Back in June, I wrote about the Chancellor’s announcement in his emergency budget that the Government would look at overhauling legislation that would restrict pensions tax relief from April 2011. The Chancellor said at the time that he would assess the possibility of reducing the level of the annual allowance instead of implementing the previous Government’s plans to introduce a high income excess relief charge, which industry and employers’ bodies complained were too complicated and could deter pension saving.
Action has now been taken.
On 27 July 2010, HM Treasury published a discussion paper outlining its proposals for an alternative means of restricting pensions tax relief. The main proposals for discussion are as follows:
1. Reducing the annual allowance
The discussion paper says that the reduced level of the annual allowance would depend on how the restriction is designed, but it was likely to be between £30,000 and £45,000. The main points raised for discussion are:
a) A tailored annual allowance charge. Instead of the current flat-rate 40 per cent charge, contributions exceeding the annual allowance would be treated as the top slice of an individual’s income and subject to a recovery charge that would vary according to whether income is taxed at the higher rate or the additional rate;
b) Valuing defined benefit accruals. For valuing deemed contributions to defined benefit pension schemes, the Government proposes using a flat-rate factor in the region of 15-20 (the current factor being 10.) The Government Actuary’s Department suggests that a factor of 15-20 could lead to an annual allowance of £40,000 being needed;
c) Treatment of deferred members. Carving out deferred members from the annual allowance test would ease administrative burdens on schemes, but could raise potential fairness issues over the treatment of active members;
d) Exemptions from the annual allowance test. The Government proposes that contributions or accruals would not be tested against the annual allowance on death or when a serious-ill-health lump-sum is paid; and
e) Reducing the lifetime allowance. To maintain cohesion between the annual allowance and the lifetime allowance, the Government proposes reducing the latter from its current £1.8m level. Consequently, it seeks views on whether the value of rights receiving primary or enhanced protection should be frozen.
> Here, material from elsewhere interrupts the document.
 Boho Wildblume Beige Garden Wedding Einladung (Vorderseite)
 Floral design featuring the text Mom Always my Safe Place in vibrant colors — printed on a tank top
2) Managing the impact of the annual allowance charge in defined benefit schemes
The discussion paper identifies a number of issues that may arise in defined benefit schemes, particularly unusual ‘spikes’ in accruals by individuals who are not normally subject to an annual allowance charge. The paper offers several suggestions for dealing with such situations, including capping or smoothing accruals so they do not exceed the annual allowance, or redesigning or removing benefit elements that may cause spikes. The Government has said that it will look out for actions that try to take advantage of the flat-rate valuation of defined benefit accruals, such as awarding large pension increases or bringing forward the normal pension age.
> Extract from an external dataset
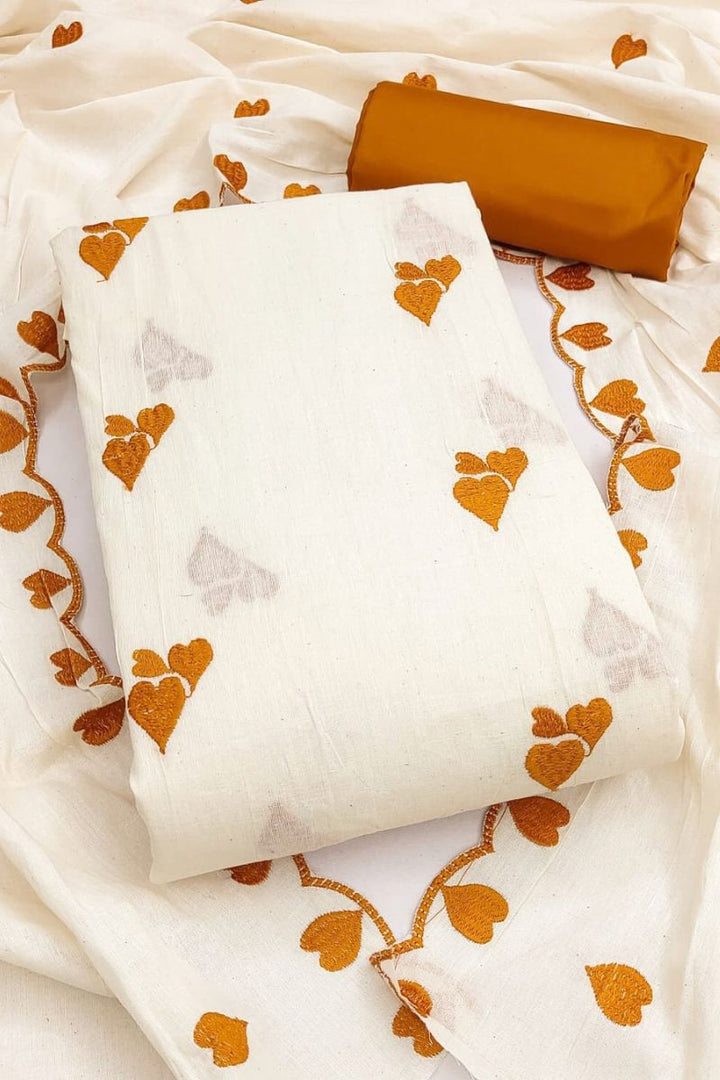 Off White Cotton Mustard Color Heart Embroidered Design Salwar Suit | Buy Online India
3) Paying the annual allowance charge
A revised annual allowance would still be assessed and collected through the self-assessment tax return. However, the Government has asked for views on whether the pension input period for the purposes of the annual allowance should be aligned with the tax year. Transitional measures will be included in legislation to cover those people who have already exceeded their reduced annual allowance by April 2011, but where their input period does not end until 2012.
4) Informing scheme members and HM Revenue & Customs
The Government suggests there is a case for requiring defined benefit schemes to inform members about their pension input amounts. Views are sought on whether schemes should be required to notify members specifically if their pension input amounts exceed the annual allowance.
What happens next?
All submissions to the discussion paper must be received by 27 August 2010. The Government will then decide by the end of September 2010 whether to proceed with reducing the annual allowance. If it does, the measures in the Finance Act 2010 to bring in a high income excess relief charge will be repealed.
However, this discussion paper shows that reducing the level of the annual allowance is potentially problematic for the Government. For example, there are fairness issues that need to be properly considered, particularly in relation to the comparative treatment of active and deferred members. Consequently, unless anti-avoidance provisions are included in any new legislation, it is possible that high-earners with substantial pension entitlements could manipulate the new regime to their advantage.